The 18- by 120-foot painting is one of a series of major murals located throughout El Paso that were funded by the Junior League of El Paso. Nuestra Herencia was painted by Carlos Flores in 1992 and touched up in 1997. Chamizal National Memorial commissioned a restoration in 2014, which was completed by the artist and his son, Marco, in 2016 for the park's 50th anniversary and the National Park Service Centennial.
United States Heritage
The first panel reflects the rich cultural diversity of the United States. It also represents the astonishing feats, inspirational achievements, and enduring legacies Americans possess in their shared history as symbolized by Neil Armstrong, Barack Obama, and an American Indian leader. An eagle is shown holding arrows in one talon and the olive branch in the other: the symbols of war and peace.
You may wonder how the artist foresaw Barack Obama's accomplishment as the nation's first Black president when he painted the mural in 1992! In fact, his first rendition featured opera singer Marian Anderson. When the mural was restored in 2014, artist Carlos Flores, in consultation with park management, altered the panel slightly to update the symbols used to convey the same message as the original.
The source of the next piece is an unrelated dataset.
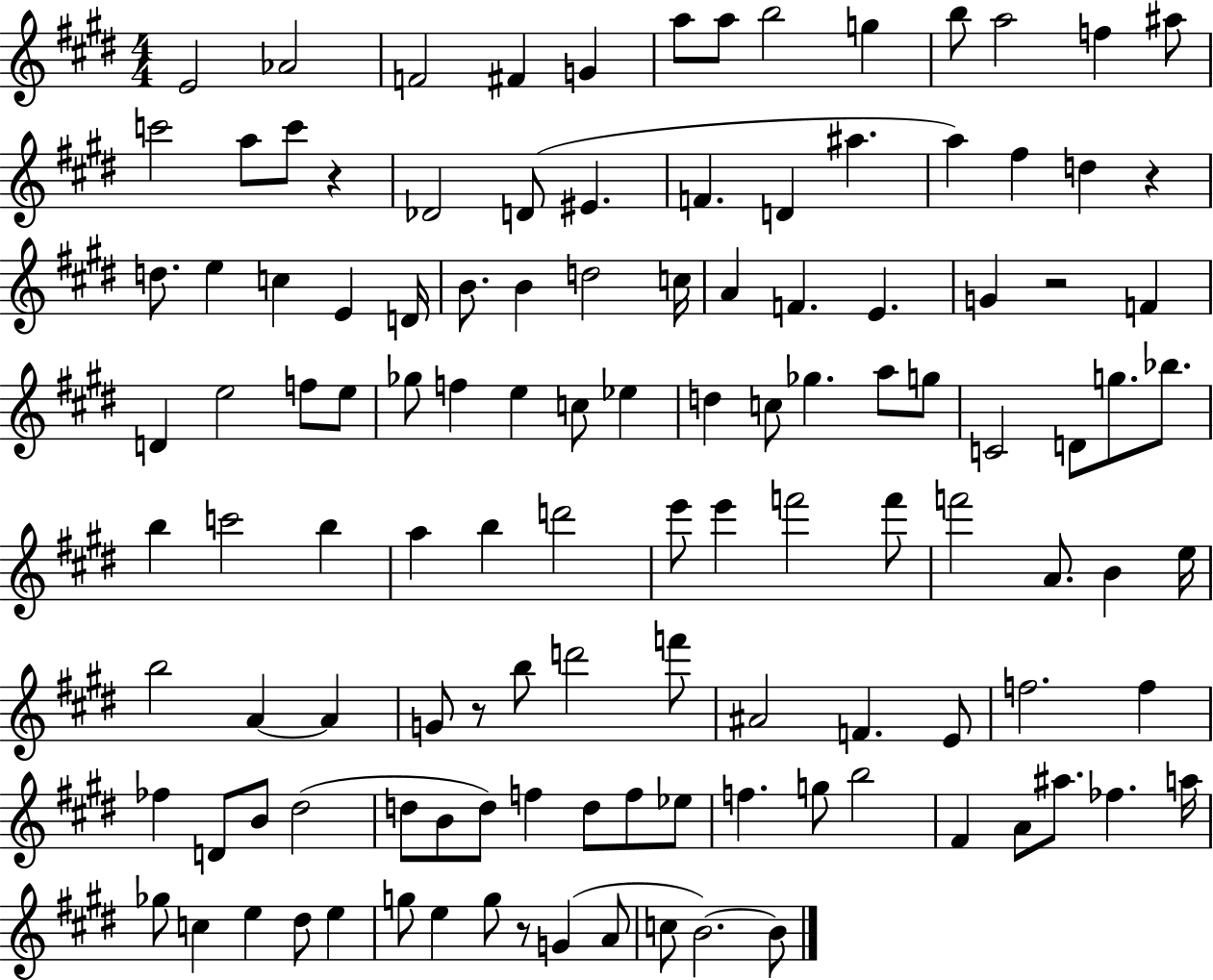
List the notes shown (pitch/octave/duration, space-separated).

E4/h Ab4/h F4/h F#4/q G4/q A5/e A5/e B5/h G5/q B5/e A5/h F5/q A#5/e C6/h A5/e C6/e R/q Db4/h D4/e EIS4/q. F4/q. D4/q A#5/q. A5/q F#5/q D5/q R/q D5/e. E5/q C5/q E4/q D4/s B4/e. B4/q D5/h C5/s A4/q F4/q. E4/q. G4/q R/h F4/q D4/q E5/h F5/e E5/e Gb5/e F5/q E5/q C5/e Eb5/q D5/q C5/e Gb5/q. A5/e G5/e C4/h D4/e G5/e. Bb5/e. B5/q C6/h B5/q A5/q B5/q D6/h E6/e E6/q F6/h F6/e F6/h A4/e. B4/q E5/s B5/h A4/q A4/q G4/e R/e B5/e D6/h F6/e A#4/h F4/q. E4/e F5/h. F5/q FES5/q D4/e B4/e D#5/h D5/e B4/e D5/e F5/q D5/e F5/e Eb5/e F5/q. G5/e B5/h F#4/q A4/e A#5/e. FES5/q. A5/s Gb5/e C5/q E5/q D#5/e E5/q G5/e E5/q G5/e R/e G4/q A4/e C5/e B4/h. B4/e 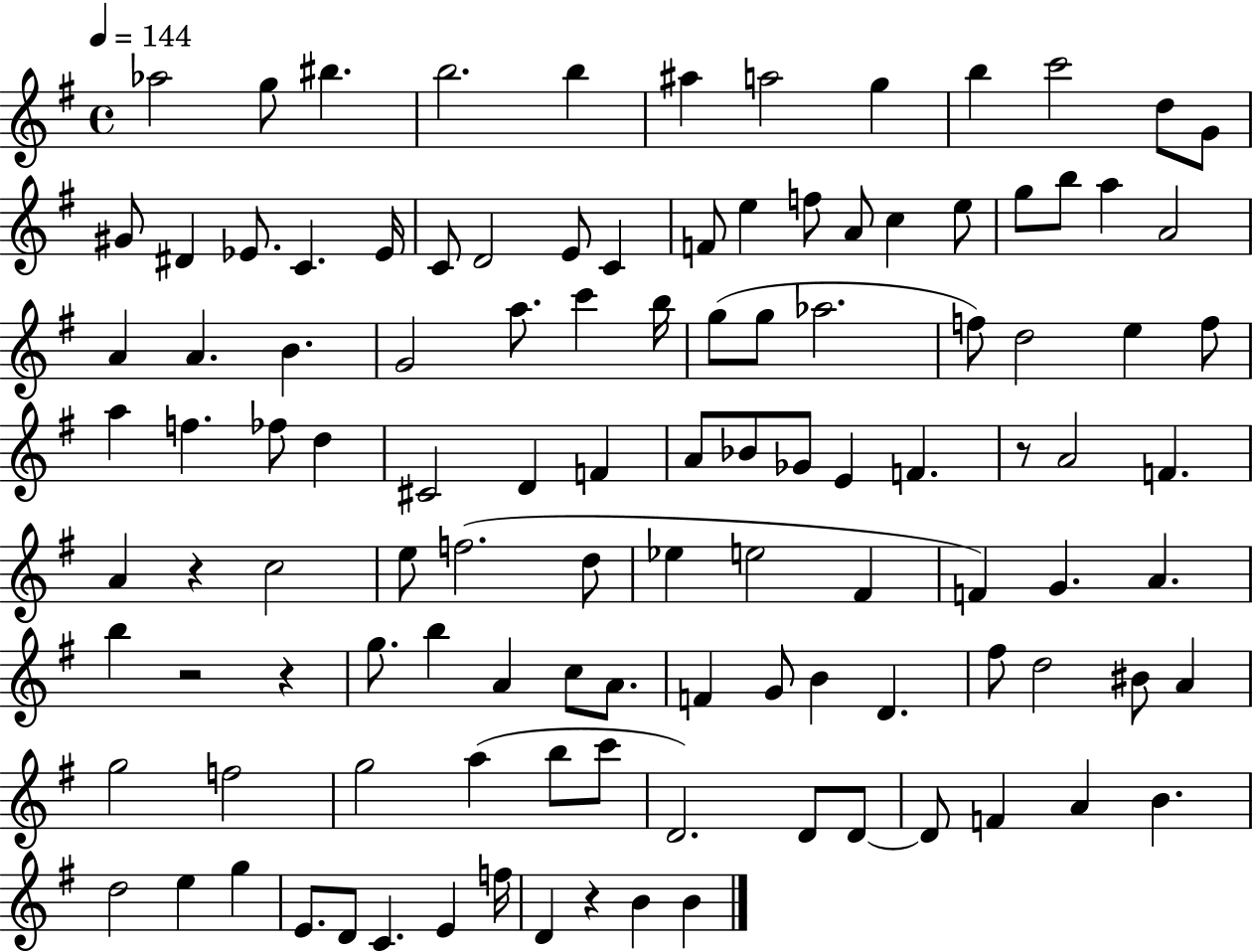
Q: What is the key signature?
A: G major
It is also significant that Barack Obama, as a sitting president, visited Chamizal National Memorial in 2011.
First panel of the mural after the 2014-2016 restoration
First panel of the mural as it was painted in 1992
The second panel aims to show the duality of traditional Mexican cultural identity. Of people with Mexican ancestry, the vast majority has both European and American Indian heritage. The serpent, Quetzalcoatl, and jaguar, Tezcatlipaca, symbolize theToltec Indians.
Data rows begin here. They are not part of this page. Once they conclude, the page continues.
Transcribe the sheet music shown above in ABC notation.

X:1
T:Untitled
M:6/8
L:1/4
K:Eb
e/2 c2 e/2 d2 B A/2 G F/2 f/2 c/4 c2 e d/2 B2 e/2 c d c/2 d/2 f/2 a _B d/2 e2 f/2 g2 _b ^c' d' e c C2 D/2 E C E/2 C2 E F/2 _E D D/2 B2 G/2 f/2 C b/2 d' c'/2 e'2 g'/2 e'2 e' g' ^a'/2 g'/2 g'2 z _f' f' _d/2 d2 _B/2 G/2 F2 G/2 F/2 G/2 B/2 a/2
To the right, in the Dance of the Flyers at Papantla, the men dressed as birds are voladores leaping from the tower. The priest on top of the platform hails the gods, and the flyers represent their words descending to Earth as they speak to the Mexican people.
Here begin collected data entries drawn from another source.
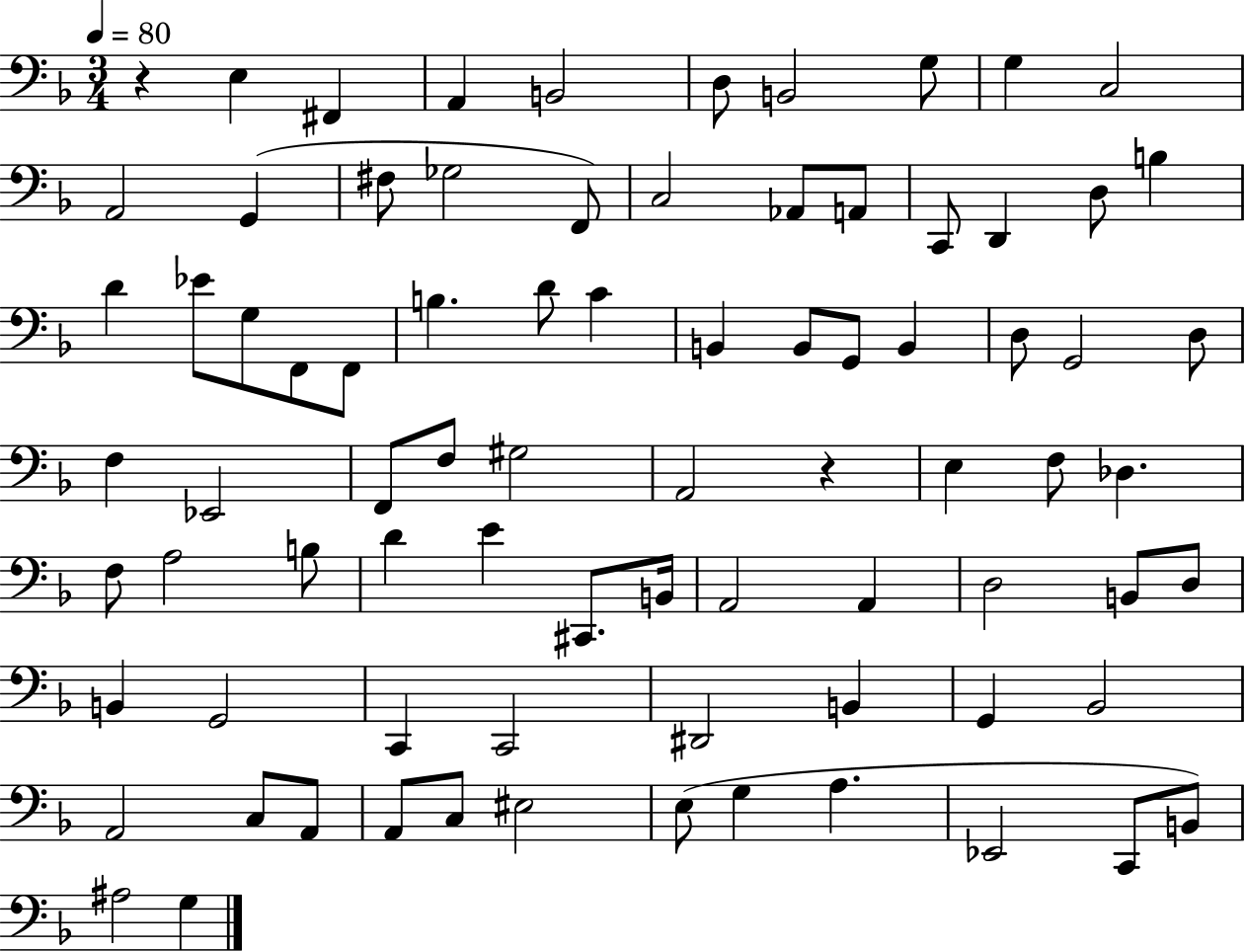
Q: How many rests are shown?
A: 2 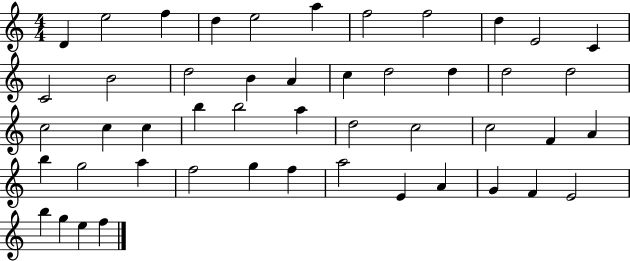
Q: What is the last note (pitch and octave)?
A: F5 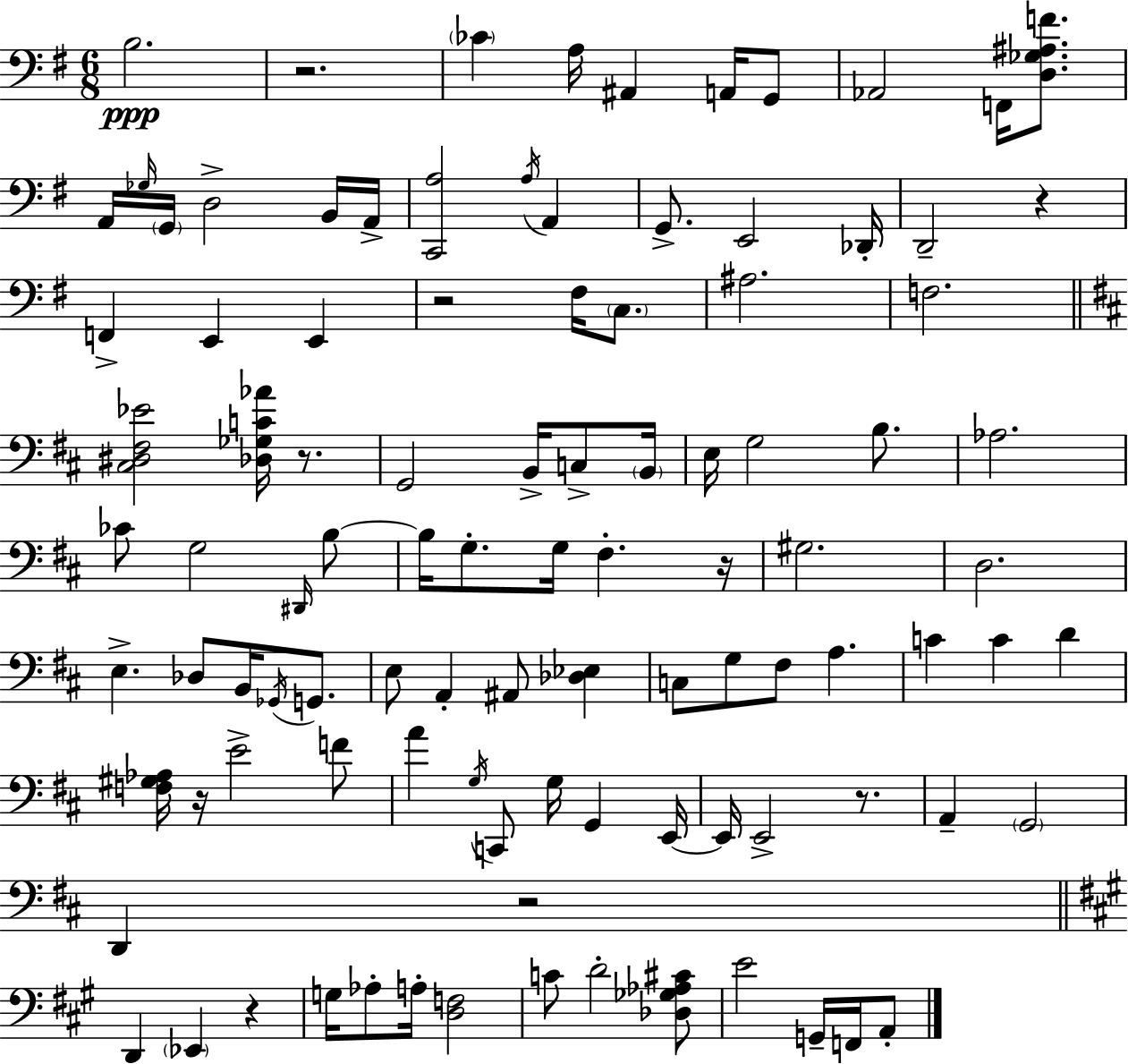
{
  \clef bass
  \numericTimeSignature
  \time 6/8
  \key e \minor
  \repeat volta 2 { b2.\ppp | r2. | \parenthesize ces'4 a16 ais,4 a,16 g,8 | aes,2 f,16 <d ges ais f'>8. | \break a,16 \grace { ges16 } \parenthesize g,16 d2-> b,16 | a,16-> <c, a>2 \acciaccatura { a16 } a,4 | g,8.-> e,2 | des,16-. d,2-- r4 | \break f,4-> e,4 e,4 | r2 fis16 \parenthesize c8. | ais2. | f2. | \break \bar "||" \break \key b \minor <cis dis fis ees'>2 <des ges c' aes'>16 r8. | g,2 b,16-> c8-> \parenthesize b,16 | e16 g2 b8. | aes2. | \break ces'8 g2 \grace { dis,16 } b8~~ | b16 g8.-. g16 fis4.-. | r16 gis2. | d2. | \break e4.-> des8 b,16 \acciaccatura { ges,16 } g,8. | e8 a,4-. ais,8 <des ees>4 | c8 g8 fis8 a4. | c'4 c'4 d'4 | \break <f gis aes>16 r16 e'2-> | f'8 a'4 \acciaccatura { g16 } c,8 g16 g,4 | e,16~~ e,16 e,2-> | r8. a,4-- \parenthesize g,2 | \break d,4 r2 | \bar "||" \break \key a \major d,4 \parenthesize ees,4 r4 | g16 aes8-. a16-. <d f>2 | c'8 d'2-. <des ges aes cis'>8 | e'2 g,16-- f,16 a,8-. | \break } \bar "|."
}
The third panel reflects the cultural blend of two countries. Beginning on the left, you see the great passion the Mexican people have for horsemanship, music and dance.Tlaloc, the Mesoamerican god of water, is next. The men in front of him perform the ancient, symbolic Dance of the Old Men with masks, canes, and movements representing the elderly.
President John F. Kennedy holds a place of honor. Although he was assassinated before the Chamizal Treaty was ratified and implemented, his vision and leadership made the diplomatic settlement of the 100-year boundary dispute possible. The two standing figures are Mexican President Adolfo López Mateos and U.S. President Lyndon B. Johnson, the leaders who celebrated the ratification of the treaty by their respective governments. They are shaking hands across the river as a sign of goodwill between the two countries.
To the right of Kennedy are examples of American music and dance. The figure reaching for the stars is symbolic of Kennedy’s support of the space exploration program.
The mission and Catholic priest represent the early churches of the area. The eagle dancer and the Pueblo Indian portray cultures native to the Southwest.
Hernán Cortés sits under a Montezuma bald cypress tree. La Malinche, the Native woman standing next to Cortés, assisted him as interpreter during the colonization of Mexico.
The last figure is Miguel de Cervantes the Spanish Golden Age author of Don Quixote.